Sunday, November 22, 2009

Giono, Himelstein, Shelden, Wilson, Kilcullen

Since my last post,I've read an issue of Gentleman's Quarterly, OK Magazine, The New Scientist and Eclectic Reading.

I have also read the first three volumes of Jean Giono's novels, which are in chronological order, and his essays, journal, and short stories. I found his essays and journal of little interest, except for his pacifist essays and his impressions of the Liberation of France. He does break out into short plays and embryonic film scenarios, in the middle of essays, which shows a certain freedom about forms. I found his early novels and his short stories or novella also to be of little interest, but his latter novels are much more interesting, more gripping and more lively. I had to order the last 3 volumes of the complete novels from inter library loan, and I now look forward to reading them, as opposed to a chore.

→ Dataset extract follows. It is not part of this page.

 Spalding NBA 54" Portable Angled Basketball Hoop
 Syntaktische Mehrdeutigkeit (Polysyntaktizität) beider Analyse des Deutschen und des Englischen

I also read three biographies, two literary and one popular. I read a biography of George Orwell, by Michael Shelden, which I found both sad and interesting, and a biography of Siegfried Sassoon through the end of World War I, by Jean Moorcroft Wilson, which was incredibly detailed for his youth and somehow quite superficial for the crucial war years. I also read a biography of Smirnoff, the vodka maker, by Linda Himelstein, which was not very interesting because it was in a journalistic style.

Finally, I also read David Kilcullen's Accidental Guerrilla. This book, about a new kind of counterinsurgency and what to do about it, is going to be read by a lot of people. It is written in accessible language, and it proposes quite a simple change to the way of thinking about insurgency. I'm not sure it will make much difference, however. I have my own competing theory, that this about strong-side versus weak-side strategy, and if I am correct, then my criticism of Kilcullen is valid. However, the chances of my work attracting any attention at all, since I have no experience in military counterinsurgency, are very low.